2. If you accept this proposal, you agree to pay the following price for the InfoScan Services
in accordance with the following payment terms:
Price: _______________
An invoice will be generated upon contract signature and the invoiced amount must be paid in
full prior to IRI delivering the data. The prices in this proposal are valid only if you sign and
return this agreement by no later than _________.
The prices quoted herein are exclusive of taxes, if any are applicable. You agree promptly to
reimburse IRI (or pay directly if so requested by IRI) all taxes, charges and fees imposed by any
governmental body or agency upon or in connection with the transaction contemplated by this
Agreement excluding all taxes measured by net income. Upon request, you agree to provide IRI
with proof of such payment.
3. (a) The reports, data and/or related analysis (if any) provided by IRI under this
Agreement (collectively, “IRI Data”) is provided to you solely for your own use as one of many
sources for your academic research for the project(s) described in Exhibit A attached (the
“Research Projects”). You agree to take all reasonable precautions not to disclose or allow to be
Academic Data Set Description
Analytics Research & Development
Confidential IRI Page 44 of 75
disclosed any of the IRI Data or other IRI proprietary or confidential to which you have been
provided access hereunder to any other person, firm or other entity without the prior written
consent of IRI, except as otherwise explicitly permitted by the provisions in this Paragraph 3.
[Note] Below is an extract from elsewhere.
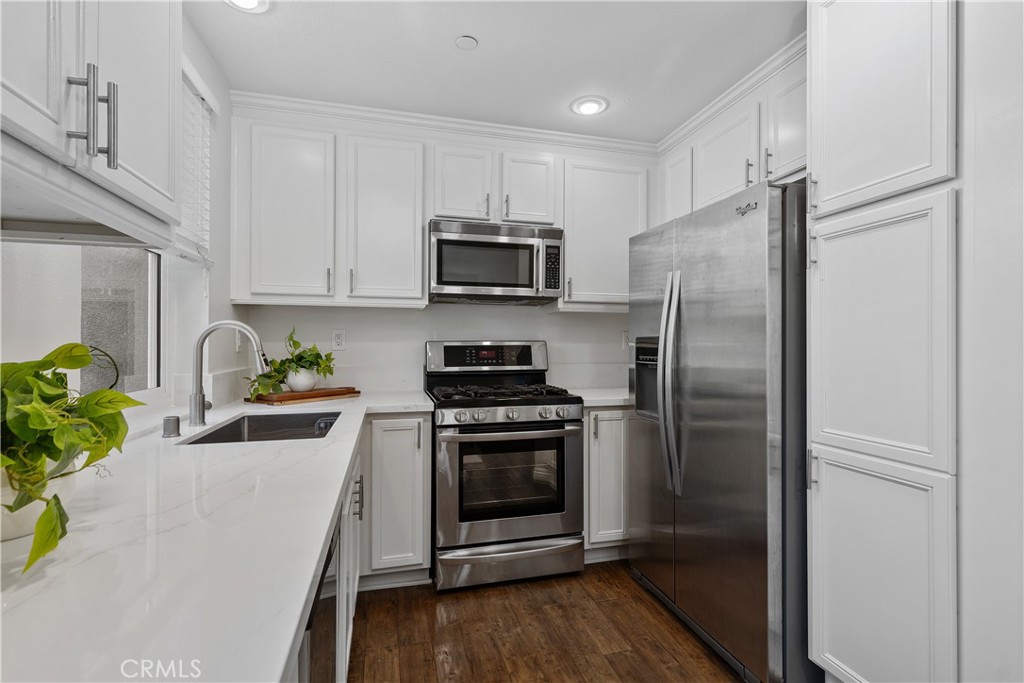 24 Valmont Way Ladera Ranch, CA 92694 - Photo 16 of 39 Gallery Image 16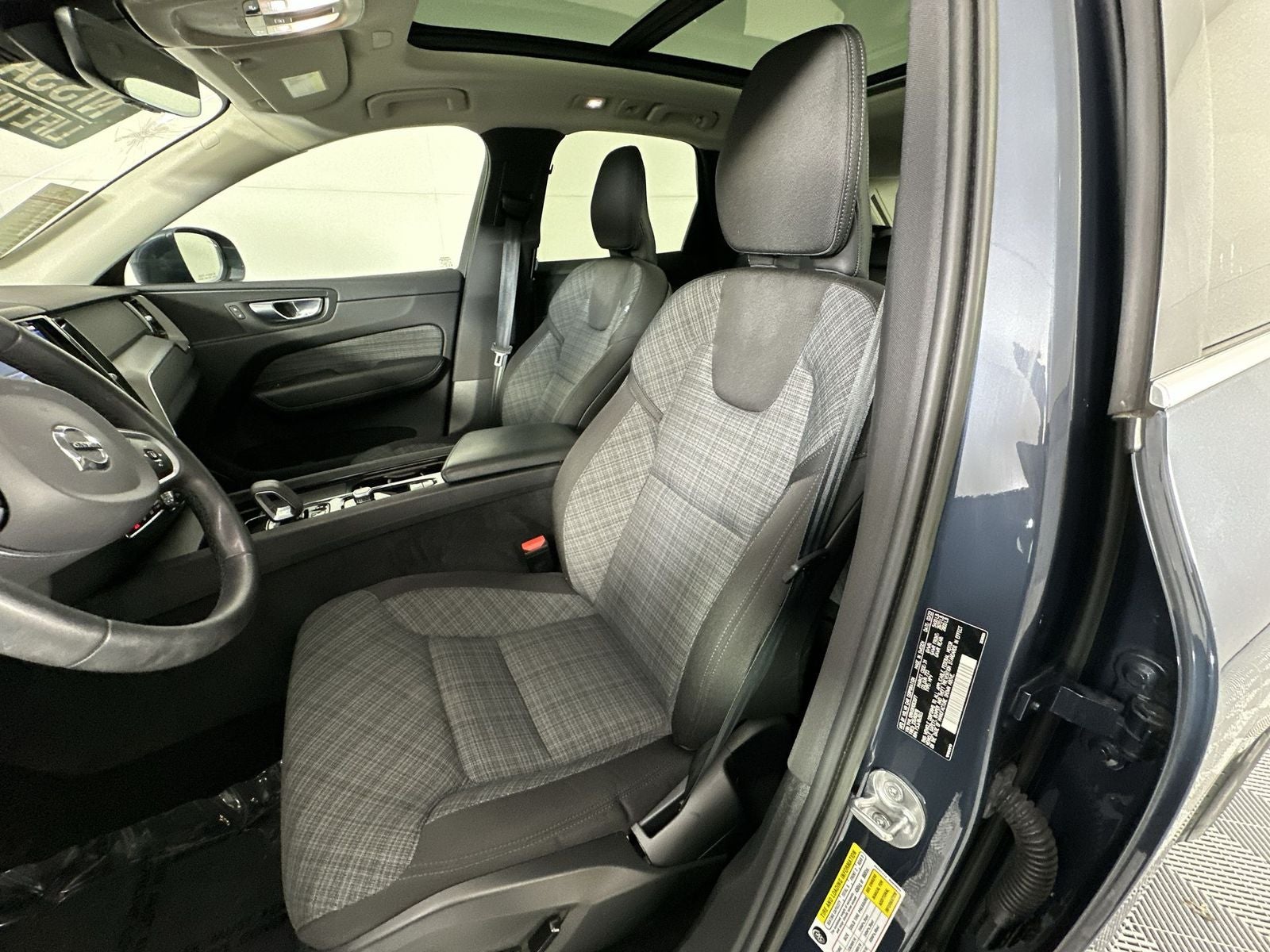 2022 Volvo XC60 B5 Momentum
You may not use the IRI Data for any other purpose, including without limitation, any
commercial purpose.
(b) You may publish results of your academic research relating to the Research Projects
based on the IRI Data in academic publications or academic working papers relating to such
Research Projects or at academic conferences (“Academic Publications”) Academic Publications
provided that:
Any category level, brand level, market or regional level, and/or retailer or store level data
included as part of the deliverable set forth in Exhibit 1 is provided to you solely for your internal
purposes in connection with a Research Project. Unless otherwise expressly permitted in Exhibit
1 with respect to category or sub-category (or type) level data, in no event shall you publish,
report or otherwise disclose (or allow any third party to whom you are permitted to disclose data
hereunder (if any), to publish, report or disclose) IRI Data below the category, sub-category (or
type) level or in any manner that could allow a third party to identify, derive or otherwise infer
the identify of a specific retailer. In publications in which a lower level of detail than category or
type or market totals is required, this should be published in a way that respects the fact that that
this data is provided for the advancement of general marketing science, rather than the evaluation
of the strategies used by particular manufacturers or retailers. Without specific written
permission, retailer names should be obscured by referring to code names such as “retailer X” in
such a manner that third parties could not easily infer the identity of a specific retailer.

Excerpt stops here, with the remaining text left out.